CC: Sobre o futebol, nas últimas semanas acompanhamos uma queda de braço jurídica pela liberação de um jogo entre Palmeiras e Flamengo. O time carioca enfrenta um surto de coronavírus. Além disso, o Ministério da Saúde anunciou a possibilidades dos estádios receberem 30% de torcedores…
MN: Isso é a prova de mais uma parte da falta de sanidade, de responsabilidade, do negacionismo de todas as evidências que quase provocaram uma tragédia. Veja só o número de jogadores infectados em um único time, o Flamengo. Depois, na sequência, o Fluminense. Isso já tinha acontecido no começo do campeonato com times como Goiás, CSA, Sampaio Correa. O número é enorme e evidentemente mostrou que quem gere essa atividade não está preocupado em usar a lógica e as evidências científicas. A proposta de trazer público de volta para os estádios é completamente insana e curiosamente estava sendo capitaneada pelo time que sofreu na pele um número enorme de pessoas infectadas, o Flamengo. Eu não vejo como a gente pode justificar jogo de futebol em meio a uma pandemia ainda fora de controle.
Tivemos imagens que vão permanecer por décadas. O jogo do Flamengo, pelo campeonato carioca, no Maracanã, do lado de um hospital de campanha, onde pessoas lutavam pela própria vida e, aparentemente, naquele dia, duas pessoas faleceram. Então qual é a lógica, qual a mensagem que se passa quando se tem um jogo acontecendo ao lado de um hospital, no meio de uma pandemia fora de controle? Que imagem do Brasil nós estamos construindo? Um país que se vangloriava de ser feliz, amigável, de valorizar a boa vida, hoje dá mostras de completa falta de empatia humana, e torna-se exemplo negativo no mundo todo. Isso sem contar que a pandemia acontece enquanto 20% do Pantanal é queimado, e uma fração inominável da Amazônia desaparece. Esse é o Brasil de hoje, a antítese de qualquer sociedade que se diz civilizada.
CC: Recentemente, o senhor levantou uma hipótese sobre a presença do vírus da dengue ser um potencial inibidor do coronavírus. Em que momento o estudo se encontra?
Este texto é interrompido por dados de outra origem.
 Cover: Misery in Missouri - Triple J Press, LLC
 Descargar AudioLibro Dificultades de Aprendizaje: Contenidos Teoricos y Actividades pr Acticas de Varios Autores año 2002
MN: Estamos diante de uma hipótese epidemiológica em um estudo que aponta uma possível competição entre o vírus da dengue e o coronavírus. Encontramos correlações inversas entre a incidência da dengue e a de coronavírus: onde tem muita dengue, tem pouco coronavírus e vice-versa. Há algumas evidências fora do Brasil nesse sentido, e a principal vem de um estudo israelense que avaliou amostras sorológicas de 95 pacientes que tiveram dengue no ano passado. Vinte e duas delas deram falso positivo para o coronavírus. Outros estudos menores também apontaram resultado parecido.
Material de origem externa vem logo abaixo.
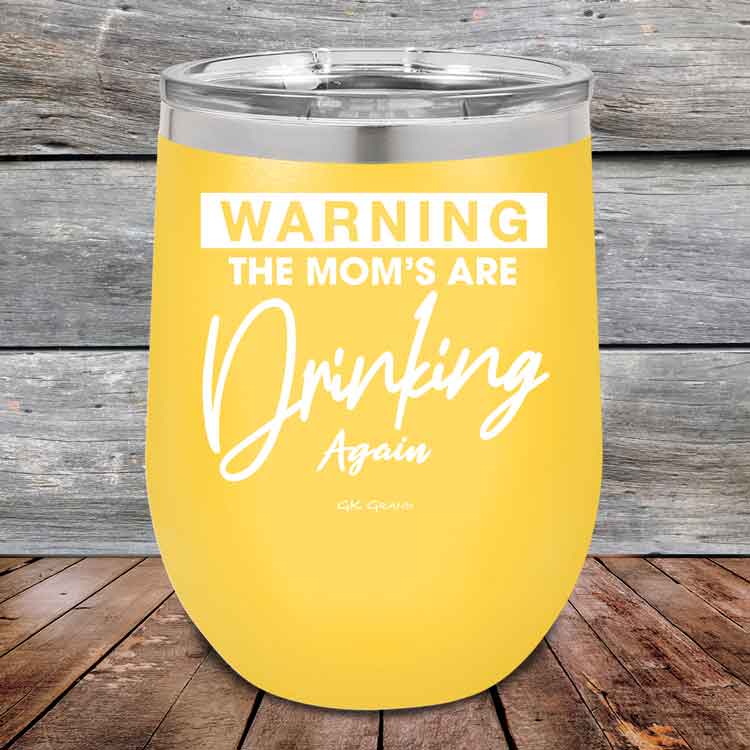 WARNING-THE-MOM_S-ARE-DRINKING-AGAIN-12oz-Yellow_TPC-12Z-17-5641-1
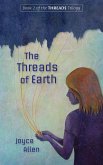 Threads of Earth (eBook, ePUB)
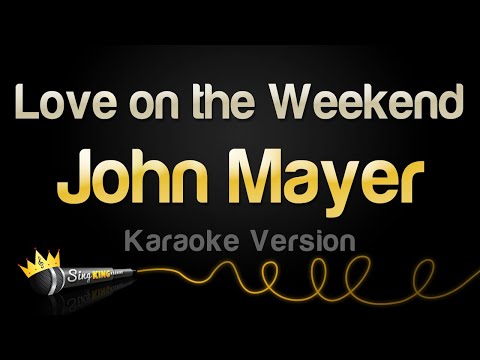 John Mayer - Love on the Weekend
Agora, repetimos essa análise com amostras sorológicas de 84 países do mundo, da América Latina, do Caribe, Ásia e África e estamos preparando um trabalho para publicação. Estamos seguindo a trilha da hipótese e vamos tentar avançar com ela, fazendo parcerias dentro e fora do Brasil. Até o momento temos o achado e estudos independentes de vários lugares do mundo que dão suporte à hipótese.